Start of Block

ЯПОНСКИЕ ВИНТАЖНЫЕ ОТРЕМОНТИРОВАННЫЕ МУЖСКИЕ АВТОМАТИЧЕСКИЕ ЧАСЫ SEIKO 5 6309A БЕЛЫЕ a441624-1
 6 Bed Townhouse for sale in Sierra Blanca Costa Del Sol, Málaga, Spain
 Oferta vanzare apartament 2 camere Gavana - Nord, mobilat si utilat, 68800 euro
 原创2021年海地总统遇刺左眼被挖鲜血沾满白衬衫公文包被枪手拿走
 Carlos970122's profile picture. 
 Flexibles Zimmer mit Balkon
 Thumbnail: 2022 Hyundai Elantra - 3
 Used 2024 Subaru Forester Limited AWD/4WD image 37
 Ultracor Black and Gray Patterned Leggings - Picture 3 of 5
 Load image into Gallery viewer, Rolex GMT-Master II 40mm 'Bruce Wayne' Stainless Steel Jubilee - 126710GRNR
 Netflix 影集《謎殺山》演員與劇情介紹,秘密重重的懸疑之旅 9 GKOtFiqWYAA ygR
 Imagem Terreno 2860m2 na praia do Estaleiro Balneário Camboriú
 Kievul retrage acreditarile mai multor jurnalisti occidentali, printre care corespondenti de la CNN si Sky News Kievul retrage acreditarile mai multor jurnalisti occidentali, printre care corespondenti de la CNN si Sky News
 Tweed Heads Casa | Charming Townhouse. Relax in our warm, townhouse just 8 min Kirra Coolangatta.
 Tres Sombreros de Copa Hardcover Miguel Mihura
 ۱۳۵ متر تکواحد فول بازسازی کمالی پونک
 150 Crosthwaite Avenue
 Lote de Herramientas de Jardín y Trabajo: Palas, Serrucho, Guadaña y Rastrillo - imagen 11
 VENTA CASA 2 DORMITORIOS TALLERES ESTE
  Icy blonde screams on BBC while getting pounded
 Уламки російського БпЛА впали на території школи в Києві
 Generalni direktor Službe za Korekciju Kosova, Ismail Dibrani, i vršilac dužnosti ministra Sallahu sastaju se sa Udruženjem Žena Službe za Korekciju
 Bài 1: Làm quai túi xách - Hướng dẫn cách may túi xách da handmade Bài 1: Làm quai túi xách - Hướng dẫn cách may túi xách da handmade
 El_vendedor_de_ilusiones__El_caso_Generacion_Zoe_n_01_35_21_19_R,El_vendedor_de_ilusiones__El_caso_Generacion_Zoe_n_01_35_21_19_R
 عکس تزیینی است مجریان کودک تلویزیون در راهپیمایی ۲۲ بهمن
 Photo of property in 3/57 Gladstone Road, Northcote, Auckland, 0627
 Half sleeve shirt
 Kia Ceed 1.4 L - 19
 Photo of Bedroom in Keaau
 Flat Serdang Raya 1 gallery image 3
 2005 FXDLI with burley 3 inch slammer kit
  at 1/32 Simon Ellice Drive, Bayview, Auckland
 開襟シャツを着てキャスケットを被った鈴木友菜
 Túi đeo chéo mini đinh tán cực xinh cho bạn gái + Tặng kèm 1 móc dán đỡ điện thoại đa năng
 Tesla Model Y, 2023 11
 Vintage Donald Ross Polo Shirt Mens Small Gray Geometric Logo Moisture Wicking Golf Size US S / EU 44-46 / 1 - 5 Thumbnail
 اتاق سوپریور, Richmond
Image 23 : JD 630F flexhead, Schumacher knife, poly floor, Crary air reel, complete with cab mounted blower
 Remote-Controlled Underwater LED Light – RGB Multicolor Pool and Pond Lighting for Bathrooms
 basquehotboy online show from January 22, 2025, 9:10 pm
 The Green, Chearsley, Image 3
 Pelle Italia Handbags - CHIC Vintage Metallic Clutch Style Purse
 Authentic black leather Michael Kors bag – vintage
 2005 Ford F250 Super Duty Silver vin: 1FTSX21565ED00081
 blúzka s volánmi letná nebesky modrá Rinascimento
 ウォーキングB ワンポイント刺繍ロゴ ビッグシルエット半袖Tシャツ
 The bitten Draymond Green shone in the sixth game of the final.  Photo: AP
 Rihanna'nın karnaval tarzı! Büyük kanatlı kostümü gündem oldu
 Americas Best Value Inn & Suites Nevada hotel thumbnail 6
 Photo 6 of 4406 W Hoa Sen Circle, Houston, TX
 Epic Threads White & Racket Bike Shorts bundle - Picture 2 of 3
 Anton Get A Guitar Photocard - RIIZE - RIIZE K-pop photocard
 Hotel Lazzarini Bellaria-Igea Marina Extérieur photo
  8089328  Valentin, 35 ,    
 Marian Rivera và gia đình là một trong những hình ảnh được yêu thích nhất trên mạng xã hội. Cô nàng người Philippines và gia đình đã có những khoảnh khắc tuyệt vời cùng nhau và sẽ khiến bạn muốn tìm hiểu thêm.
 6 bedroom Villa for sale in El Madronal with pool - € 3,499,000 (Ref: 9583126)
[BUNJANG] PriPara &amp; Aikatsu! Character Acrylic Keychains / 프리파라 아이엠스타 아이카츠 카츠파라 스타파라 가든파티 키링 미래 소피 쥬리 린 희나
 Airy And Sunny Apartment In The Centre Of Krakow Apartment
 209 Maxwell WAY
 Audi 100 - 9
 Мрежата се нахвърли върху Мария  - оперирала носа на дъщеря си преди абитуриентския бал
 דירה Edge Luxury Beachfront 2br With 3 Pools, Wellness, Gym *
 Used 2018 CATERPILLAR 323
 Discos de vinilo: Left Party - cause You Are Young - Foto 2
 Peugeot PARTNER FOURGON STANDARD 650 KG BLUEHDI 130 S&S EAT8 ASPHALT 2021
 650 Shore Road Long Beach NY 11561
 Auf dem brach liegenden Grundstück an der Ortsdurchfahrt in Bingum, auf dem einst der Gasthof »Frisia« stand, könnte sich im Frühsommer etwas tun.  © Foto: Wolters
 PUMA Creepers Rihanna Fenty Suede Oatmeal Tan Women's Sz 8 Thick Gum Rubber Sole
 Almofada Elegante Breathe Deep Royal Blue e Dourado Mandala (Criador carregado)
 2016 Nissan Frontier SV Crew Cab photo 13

End of Block

* [ACTIVITY]:
Would you reproduce the whole listing above, word for word?

* [FINAL ANSWER]:
ЯПОНСКИЕ ВИНТАЖНЫЕ ОТРЕМОНТИРОВАННЫЕ МУЖСКИЕ АВТОМАТИЧЕСКИЕ ЧАСЫ SEIKO 5 6309A БЕЛЫЕ a441624-1
 6 Bed Townhouse for sale in Sierra Blanca Costa Del Sol, Málaga, Spain
 Oferta vanzare apartament 2 camere Gavana - Nord, mobilat si utilat, 68800 euro
 原创2021年海地总统遇刺左眼被挖鲜血沾满白衬衫公文包被枪手拿走
 Carlos970122's profile picture. 
 Flexibles Zimmer mit Balkon
 Thumbnail: 2022 Hyundai Elantra - 3
 Used 2024 Subaru Forester Limited AWD/4WD image 37
 Ultracor Black and Gray Patterned Leggings - Picture 3 of 5
 Load image into Gallery viewer, Rolex GMT-Master II 40mm 'Bruce Wayne' Stainless Steel Jubilee - 126710GRNR
 Netflix 影集《謎殺山》演員與劇情介紹,秘密重重的懸疑之旅 9 GKOtFiqWYAA ygR
 Imagem Terreno 2860m2 na praia do Estaleiro Balneário Camboriú
 Kievul retrage acreditarile mai multor jurnalisti occidentali, printre care corespondenti de la CNN si Sky News Kievul retrage acreditarile mai multor jurnalisti occidentali, printre care corespondenti de la CNN si Sky News
 Tweed Heads Casa | Charming Townhouse. Relax in our warm, townhouse just 8 min Kirra Coolangatta.
 Tres Sombreros de Copa Hardcover Miguel Mihura
 ۱۳۵ متر تکواحد فول بازسازی کمالی پونک
 150 Crosthwaite Avenue
 Lote de Herramientas de Jardín y Trabajo: Palas, Serrucho, Guadaña y Rastrillo - imagen 11
 VENTA CASA 2 DORMITORIOS TALLERES ESTE
  Icy blonde screams on BBC while getting pounded
 Уламки російського БпЛА впали на території школи в Києві
 Generalni direktor Službe za Korekciju Kosova, Ismail Dibrani, i vršilac dužnosti ministra Sallahu sastaju se sa Udruženjem Žena Službe za Korekciju
 Bài 1: Làm quai túi xách - Hướng dẫn cách may túi xách da handmade Bài 1: Làm quai túi xách - Hướng dẫn cách may túi xách da handmade
 El_vendedor_de_ilusiones__El_caso_Generacion_Zoe_n_01_35_21_19_R,El_vendedor_de_ilusiones__El_caso_Generacion_Zoe_n_01_35_21_19_R
 عکس تزیینی است مجریان کودک تلویزیون در راهپیمایی ۲۲ بهمن
 Photo of property in 3/57 Gladstone Road, Northcote, Auckland, 0627
 Half sleeve shirt
 Kia Ceed 1.4 L - 19
 Photo of Bedroom in Keaau
 Flat Serdang Raya 1 gallery image 3
 2005 FXDLI with burley 3 inch slammer kit
  at 1/32 Simon Ellice Drive, Bayview, Auckland
 開襟シャツを着てキャスケットを被った鈴木友菜
 Túi đeo chéo mini đinh tán cực xinh cho bạn gái + Tặng kèm 1 móc dán đỡ điện thoại đa năng
 Tesla Model Y, 2023 11
 Vintage Donald Ross Polo Shirt Mens Small Gray Geometric Logo Moisture Wicking Golf Size US S / EU 44-46 / 1 - 5 Thumbnail
 اتاق سوپریور, Richmond
Image 23 : JD 630F flexhead, Schumacher knife, poly floor, Crary air reel, complete with cab mounted blower
 Remote-Controlled Underwater LED Light – RGB Multicolor Pool and Pond Lighting for Bathrooms
 basquehotboy online show from January 22, 2025, 9:10 pm
 The Green, Chearsley, Image 3
 Pelle Italia Handbags - CHIC Vintage Metallic Clutch Style Purse
 Authentic black leather Michael Kors bag – vintage
 2005 Ford F250 Super Duty Silver vin: 1FTSX21565ED00081
 blúzka s volánmi letná nebesky modrá Rinascimento
 ウォーキングB ワンポイント刺繍ロゴ ビッグシルエット半袖Tシャツ
 The bitten Draymond Green shone in the sixth game of the final.  Photo: AP
 Rihanna'nın karnaval tarzı! Büyük kanatlı kostümü gündem oldu
 Americas Best Value Inn & Suites Nevada hotel thumbnail 6
 Photo 6 of 4406 W Hoa Sen Circle, Houston, TX
 Epic Threads White & Racket Bike Shorts bundle - Picture 2 of 3
 Anton Get A Guitar Photocard - RIIZE - RIIZE K-pop photocard
 Hotel Lazzarini Bellaria-Igea Marina Extérieur photo
  8089328  Valentin, 35 ,    
 Marian Rivera và gia đình là một trong những hình ảnh được yêu thích nhất trên mạng xã hội. Cô nàng người Philippines và gia đình đã có những khoảnh khắc tuyệt vời cùng nhau và sẽ khiến bạn muốn tìm hiểu thêm.
 6 bedroom Villa for sale in El Madronal with pool - € 3,499,000 (Ref: 9583126)
[BUNJANG] PriPara &amp; Aikatsu! Character Acrylic Keychains / 프리파라 아이엠스타 아이카츠 카츠파라 스타파라 가든파티 키링 미래 소피 쥬리 린 희나
 Airy And Sunny Apartment In The Centre Of Krakow Apartment
 209 Maxwell WAY
 Audi 100 - 9
 Мрежата се нахвърли върху Мария  - оперирала носа на дъщеря си преди абитуриентския бал
 דירה Edge Luxury Beachfront 2br With 3 Pools, Wellness, Gym *
 Used 2018 CATERPILLAR 323
 Discos de vinilo: Left Party - cause You Are Young - Foto 2
 Peugeot PARTNER FOURGON STANDARD 650 KG BLUEHDI 130 S&S EAT8 ASPHALT 2021
 650 Shore Road Long Beach NY 11561
 Auf dem brach liegenden Grundstück an der Ortsdurchfahrt in Bingum, auf dem einst der Gasthof »Frisia« stand, könnte sich im Frühsommer etwas tun.  © Foto: Wolters
 PUMA Creepers Rihanna Fenty Suede Oatmeal Tan Women's Sz 8 Thick Gum Rubber Sole
 Almofada Elegante Breathe Deep Royal Blue e Dourado Mandala (Criador carregado)
 2016 Nissan Frontier SV Crew Cab photo 13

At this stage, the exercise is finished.